=== Records supplied ===

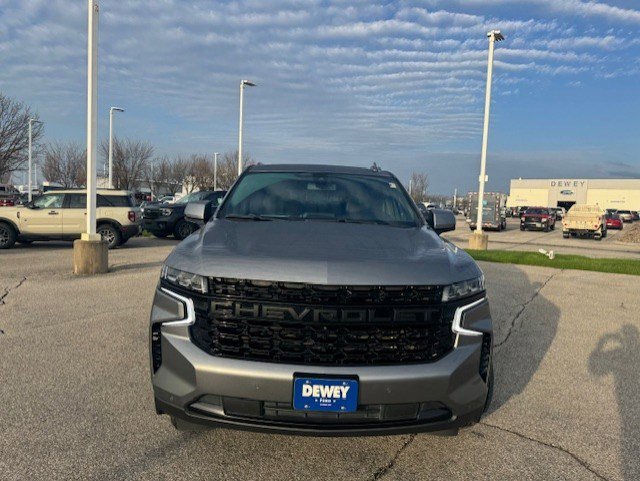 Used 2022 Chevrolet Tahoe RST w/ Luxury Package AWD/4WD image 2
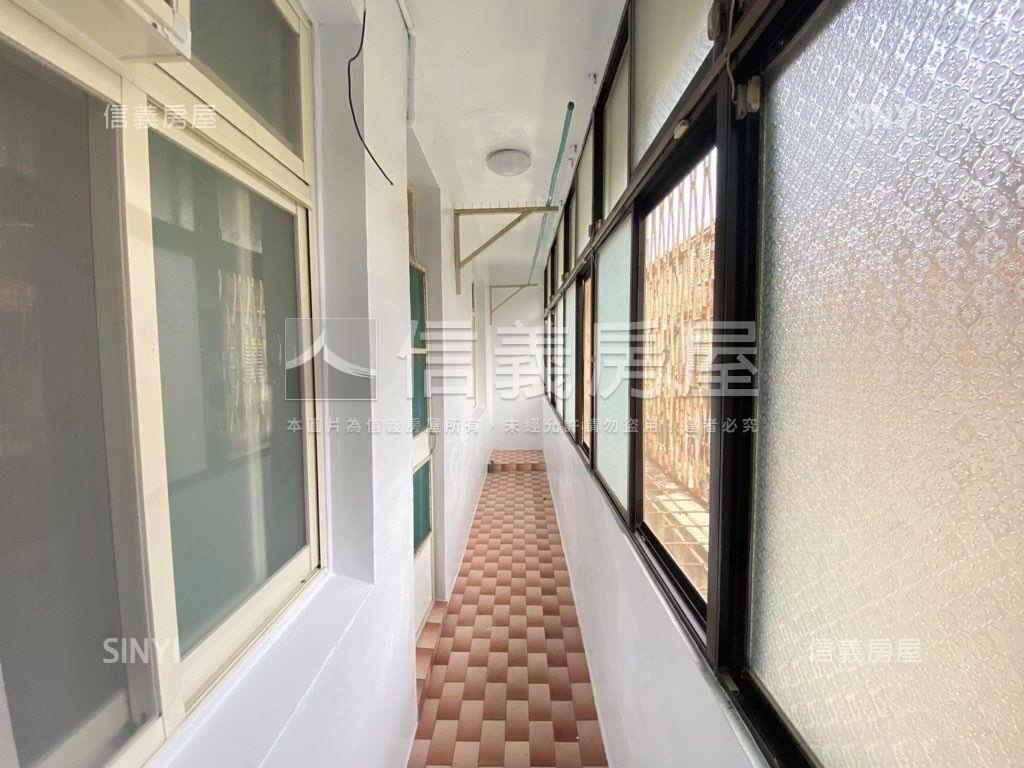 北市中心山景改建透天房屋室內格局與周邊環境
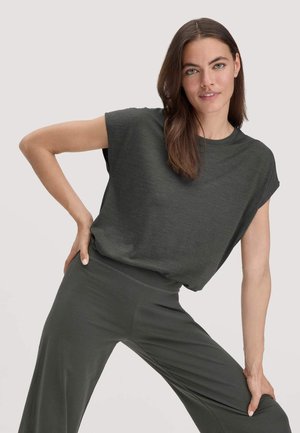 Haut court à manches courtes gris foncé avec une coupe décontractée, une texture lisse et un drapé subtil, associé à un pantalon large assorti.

==

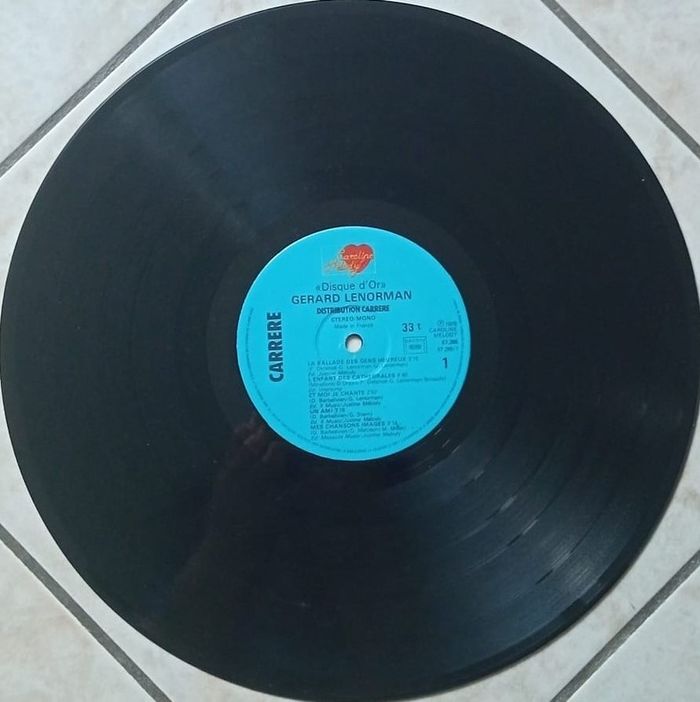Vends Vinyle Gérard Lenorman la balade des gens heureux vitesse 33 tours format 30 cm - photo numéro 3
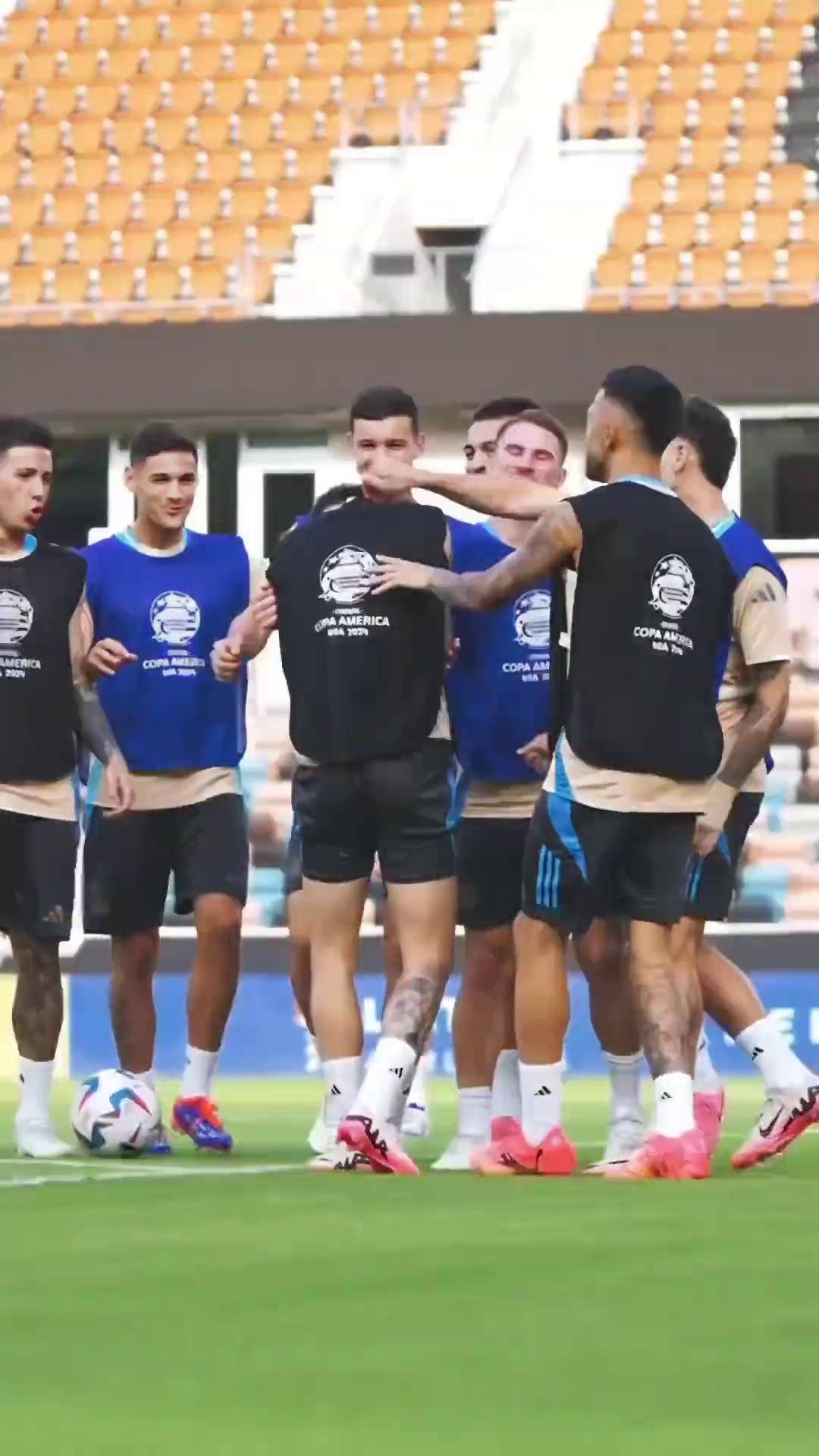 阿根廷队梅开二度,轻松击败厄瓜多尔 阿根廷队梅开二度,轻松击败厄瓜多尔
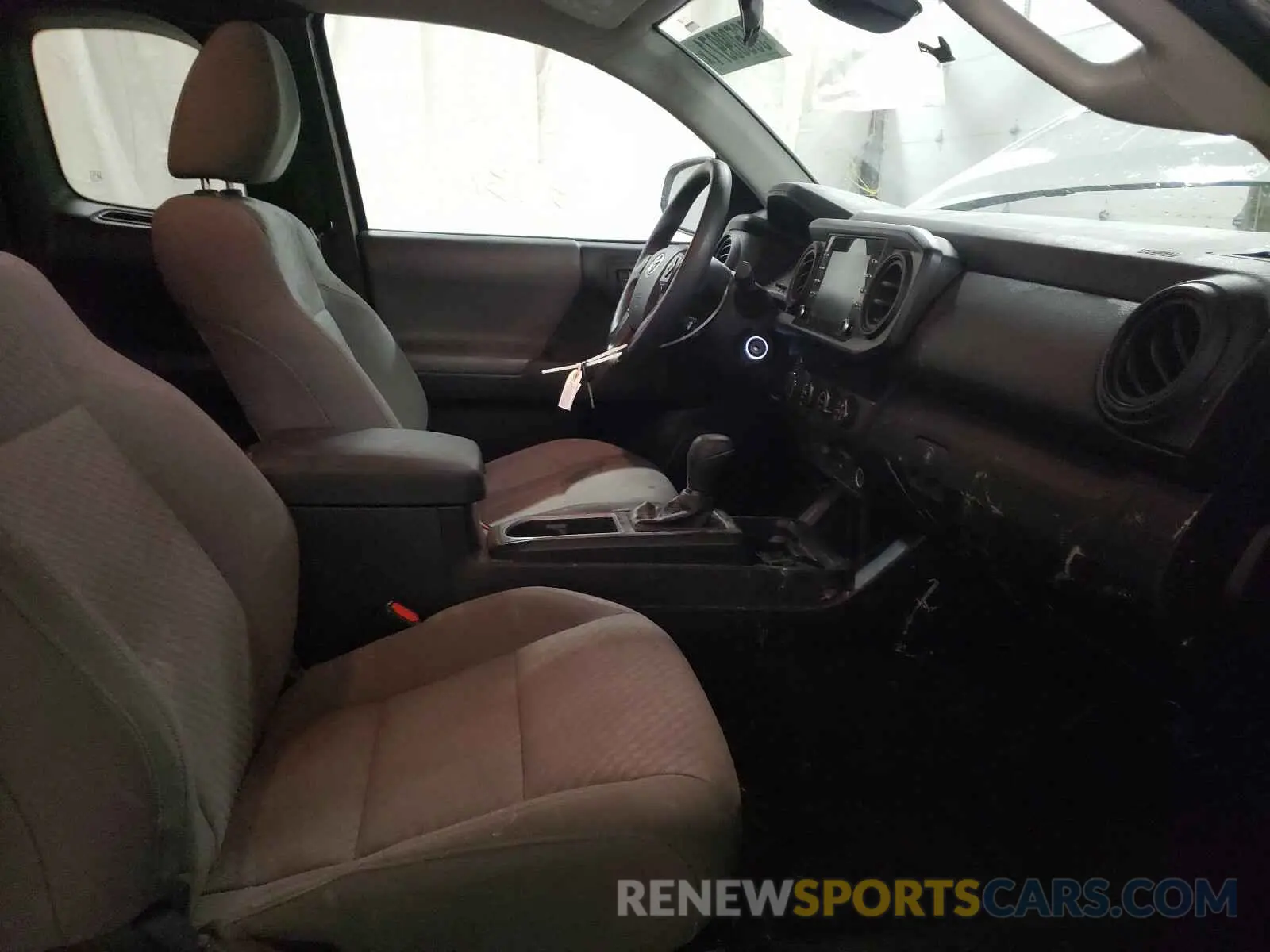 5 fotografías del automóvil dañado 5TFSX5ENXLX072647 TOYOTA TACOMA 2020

---

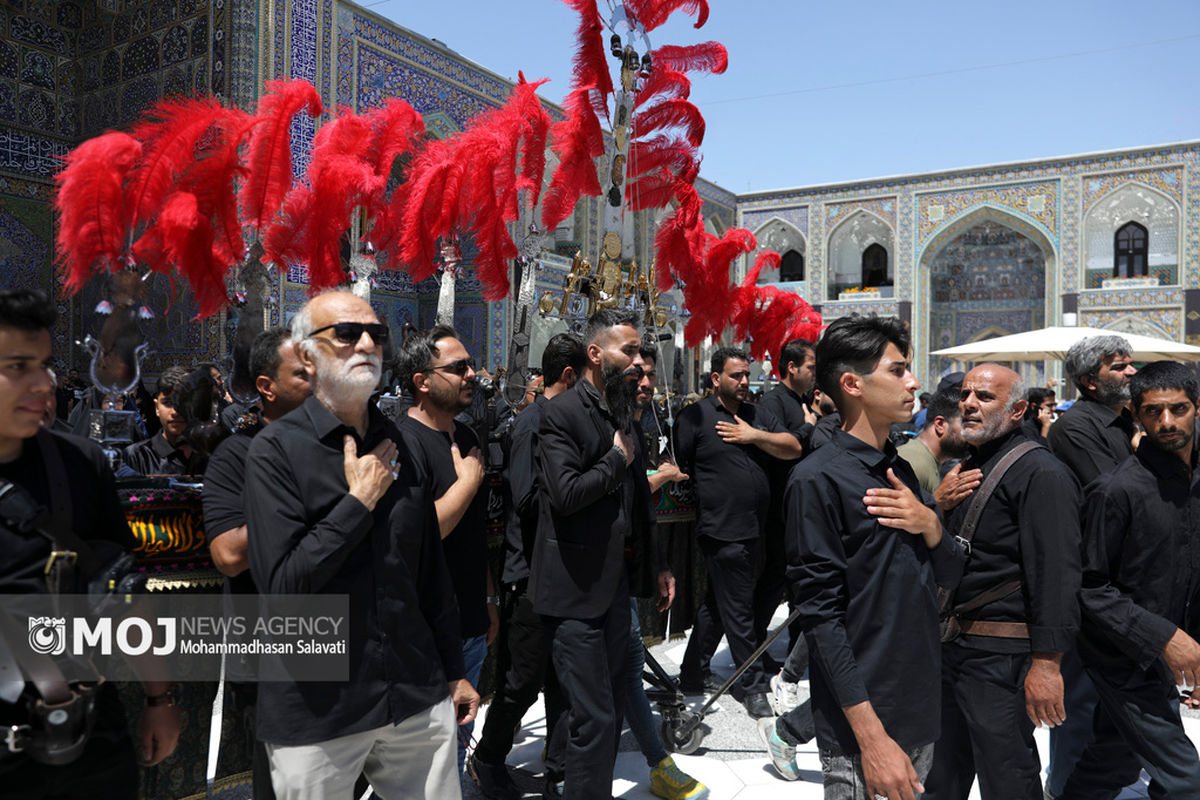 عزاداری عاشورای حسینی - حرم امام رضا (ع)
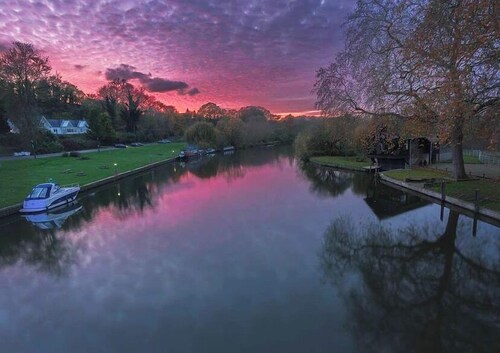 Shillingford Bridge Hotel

=== Assigned task ===
Leave the pictures out. Output, exactly, the lines of the material above starting at the line containing "Used 2022 Chevrolet" and ending at the line containing "Haut court à".

=== Output ===
 Used 2022 Chevrolet Tahoe RST w/ Luxury Package AWD/4WD image 2
 北市中心山景改建透天房屋室內格局與周邊環境
 Haut court à manches courtes gris foncé avec une coupe décontractée, une texture lisse et un drapé subtil, associé à un pantalon large assorti.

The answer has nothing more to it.